“Not all those who wander are lost.” – J. R. R. Tolkien

"Everybody dies. Not everybody really lives."

The saddest sound in the world is a man saying, "I wish I'd have done that."

Sunday, November 29, 2015

Torres del Paine National Park, Patagonia, Chile

We did the "W" trek through Torres del Paine National Park in Chile--the most famous and popular trek in Patagonia.  We jumped off from the town of Punta Arenas, the southernmost point of Chile, near the southern tip of South America and far enough south to still hit us in the face with harsh conditions when we flew in from Santiago in early November.  It was the beginning of Spring and the weather was still sketchy.  We stepped off the plan in Punta Arenas into snowy, cold, windy weather.

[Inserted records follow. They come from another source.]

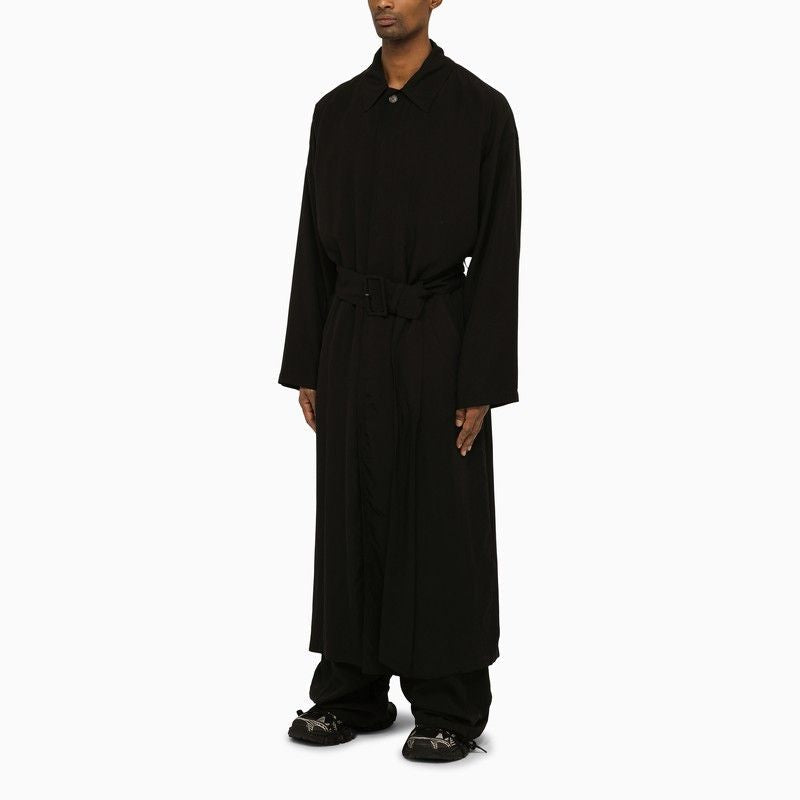 Balenciaga Jackets? BALENCIAGA Fluid Poplin Jacket for Men - Spring Summer 2025 Premium Casual Designer Jacket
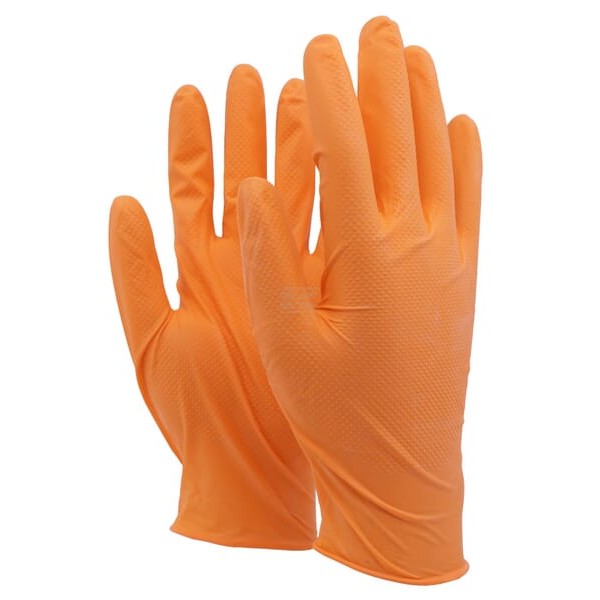 Rękawice Gentle Grip pomarańczowe, roz. S RX84ORGDPS | Exvi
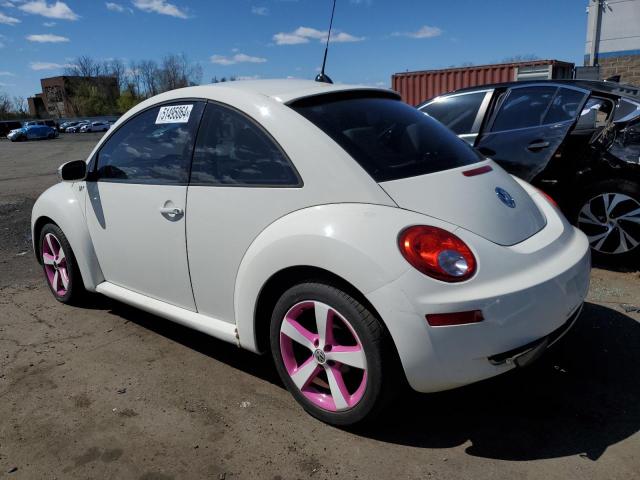3VWFG31C28M523512 - 2008 VOLKSWAGEN NEW BEETLE TRIPLE WHITE WHITE photo 2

A good day to acclimate to the weather that would be facing us for the next seven days.  After a day nosing around Punta Arenas we caught a bus into Torres del Paine National park and the heart of Patagonia.  We made a brief stop at Milodon Cave, the site of the discovery of prehistoric evidence of extinct Paleozoic creatures.  Our last stop before entering into the gorgeous and wild lands of Patagonia.

And we quickly discovered how wild Patagonia really is when we sighted a healthy and stealthy
puma loping along a gravel bar alongside a river.  He didn't seem particularly surprised to see us and didn't seem too concerned that we were there.

He didn't seem too interested in us.  Guess we didn't look tasty.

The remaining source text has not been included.